Unsupervised Anomaly Detection in Stream Data with Online Evolving Spiking Neural Networks
Maciąg, Piotr S., Kryszkiewicz, Marzena, Bembenik, Robert, Lobo, Jesus L., Del Ser, Javier
In this work, we propose a novel OeSNN-UAD (Online evolving Spiking Neural Networks for Unsupervised Anomaly Detection) approach for online anomaly detection in univariate time series data. Our approach is based on evolving Spiking Neural Networks (eSNN). Its distinctive feature is that the proposed eSNN architecture learns in the process of classifying input values to be anomalous or not. In fact, we offer an unsupervised learning method for eSNN, in which classification is carried out without earlier pre-training of the network with data with labeled anomalies. Unlike in a typical eSNN architecture, neurons in the output repository of our architecture are not divided into known a priori decision classes.

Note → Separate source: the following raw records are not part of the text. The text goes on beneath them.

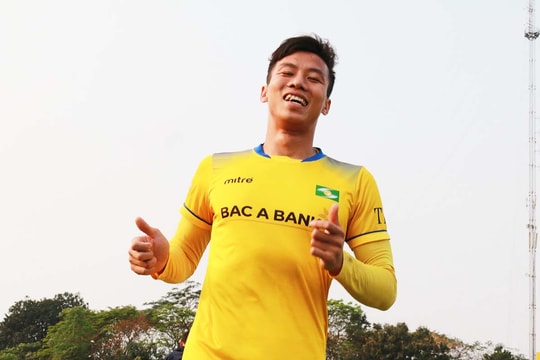 Cầu thủ SLNA hào hứng trước trận Than Quảng Ninh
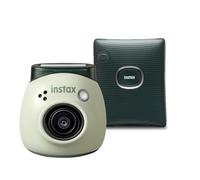 Fujifilm INSTAX PAL digital camera, Pistachio Green + printer SQUARE Link, Green| ✅Black Friday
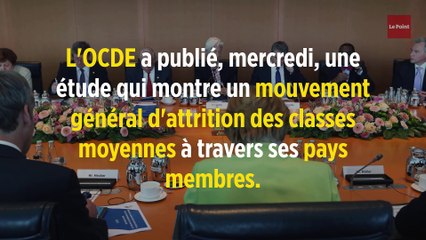 Comment les classes moyennes ont été écrasées depuis 30 ans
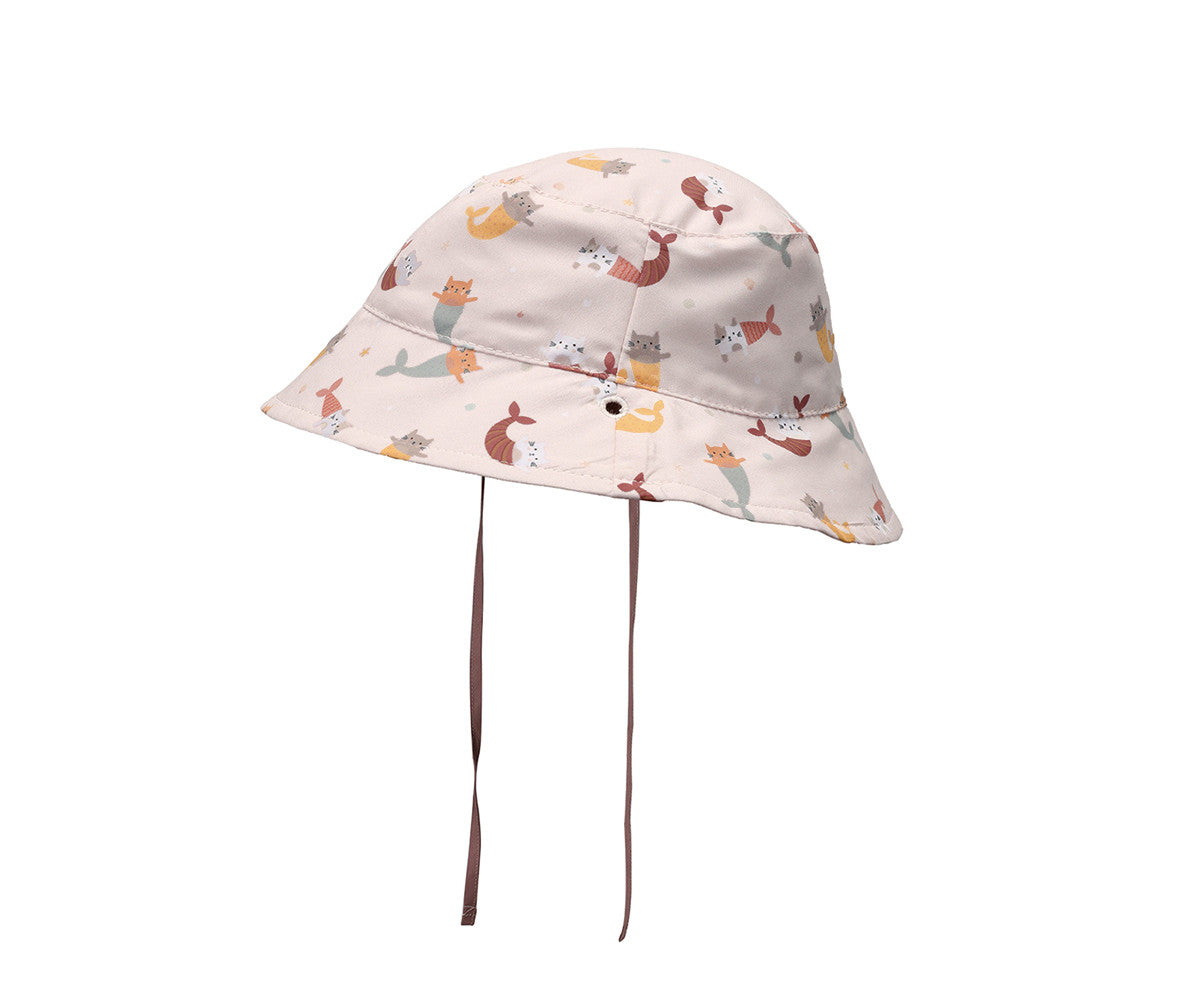 Monneka-Cappello Reversibile Mermaid Cats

Each output neuron is assigned its own output value, which is modified in the course of learning and classifying the incoming input values of time series data. To better adapt to the changing characteristic of the input data and to make their classification efficient, the number of output neurons is limited: the older neurons are replaced with new neurons whose output values and synapses' weights are adjusted according to the current input values of the time series. The proposed OeSNN-UAD approach was experimentally compared to the state-of-the-art unsupervised methods and algorithms for anomaly detection in stream data. The experiments were carried out on Numenta Anomaly Benchmark and Yahoo Anomaly Datasets. According to the results of these experiments, our approach significantly outperforms other solutions provided in the literature in the case of Numenta Anomaly Benchmark. Also in the case of real data files category of Yahoo Anomaly Benchmark, OeSNN-UAD outperforms other selected algorithms, whereas in the case of Yahoo Anomaly Benchmark synthetic data files, it provides competitive results to the results recently reported in the literature.